Per fare il pastaio-imprenditore serve un’ottima preparazione
La formazione è essenziale per diventare pastai-imprenditori. «Chi vuole investire su se stesso per fare questo mestiere deve imparare a conoscere gli ingredienti, per scegliere quelli più adeguati in base all’utilizzo che intende farne, offrire il giusto rapporto qualità-prezzo e creare un prodotto che sia giusto per il proprio mercato» conclude Curotto. «Poi è fondamentale conoscere le norme che regolano il settore. Molti si basano sul sentito dire, ma non è l’approccio giusto se non si vuole rischiare di incorrere in problemi e brutte sorprese.
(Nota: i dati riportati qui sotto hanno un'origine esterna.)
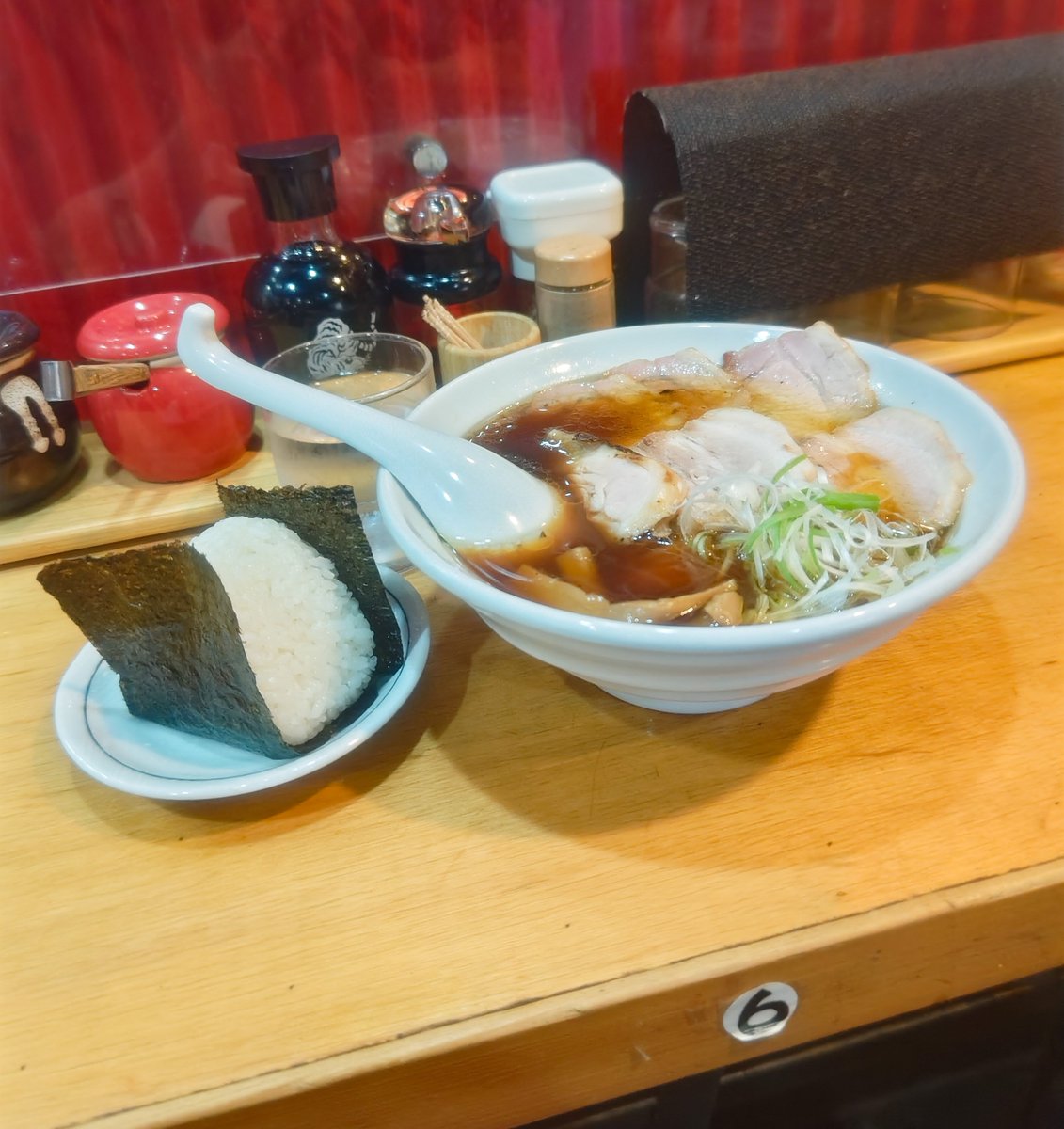 uedakun0919's tweet photo. めん処大津家@下関市生野町
きあげチャーシュー麺＋おにぎり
E, come per ogni azienda che sia remunerativa, occorre fare bene il business plan, per capirne la fattibilità e la redditività».
In questi corsi si impara il mestiere
Primo Piatto, con sede a Carasco (Ge) offre sia corsi teorico-pratici per diventare pastai sia moduli specifici come quelli dedicati a marketing, pasta design, pasta fresca nella ristorazione (primo-piatto.it). Alma – La Scuola Internazionale di Cucina Italiana a Colorno (Pr) propone un corso di 5 settimane/190 ore di alta formazione per chi vuole trasformare la passione della pasta in una professione (alma.scuolacucina.it/corsi/corso-pasta-italiana/). CAST Alimenti a Brescia organizza un corso pratico di 2 settimane per acquisire abilità manuali e competenze tecnico-operative per la produzione di pasta fresca, sia per pastifici sia per laboratori artigianali, e per produrre e conservare pasta fresca per ristoranti e alberghi (castalimenti.it/corsi/pastaio/).